- [INFORMATION PROVIDED]

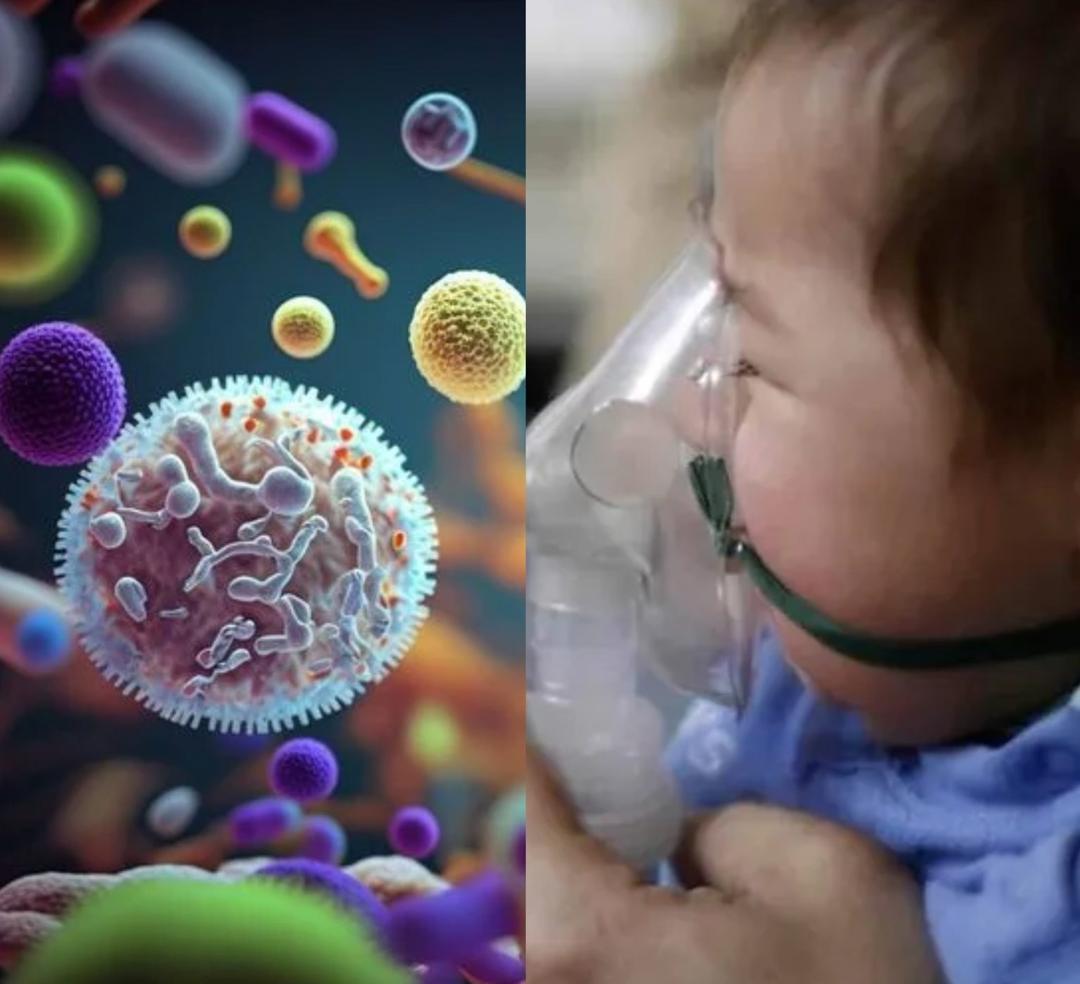 Virus Sincitial Respiratorio: Jalisco emite medidas para prevenir casos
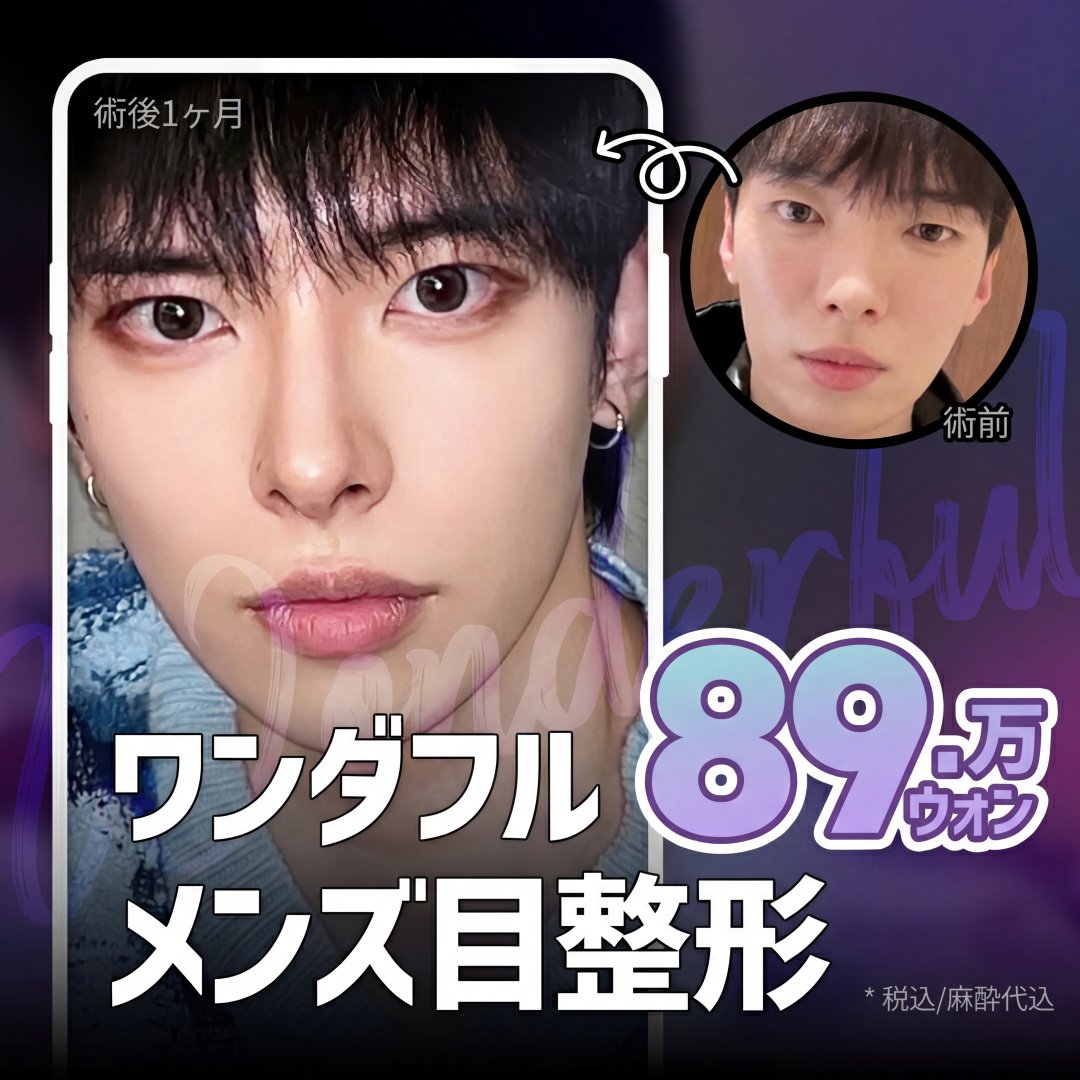 ワンダフル_男性目整形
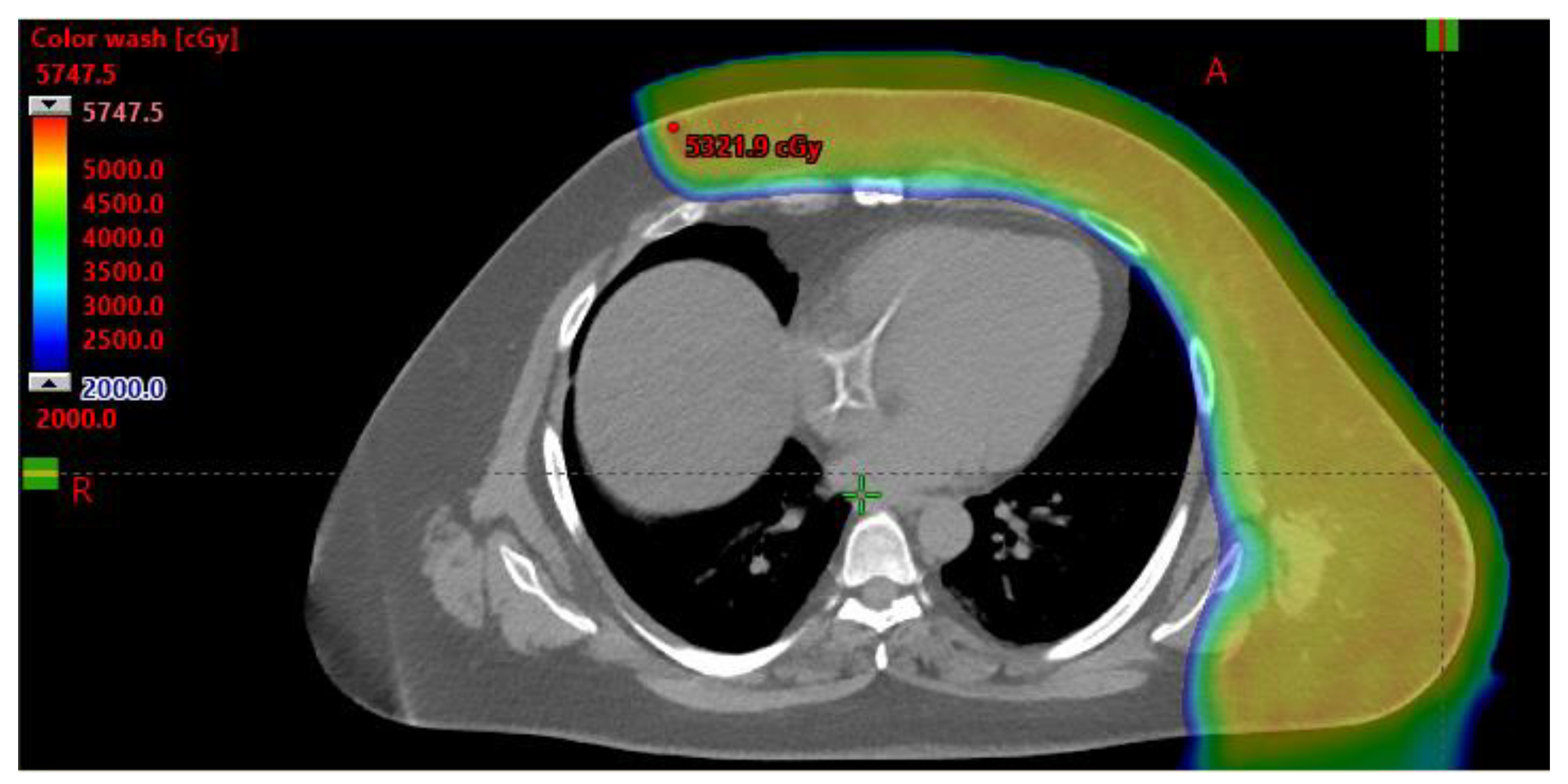 健康・医学 Radiotherapy Techniques in Breast Cancer Frontiers | Comparison of Breast Cancer Radiotherapy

- [THE PROBLEM]
Transcribe the material exactly, and leave out whatever pictures it holds.

- [WRITTEN REPLY]
 Virus Sincitial Respiratorio: Jalisco emite medidas para prevenir casos
 ワンダフル_男性目整形
 健康・医学 Radiotherapy Techniques in Breast Cancer Frontiers | Comparison of Breast Cancer Radiotherapy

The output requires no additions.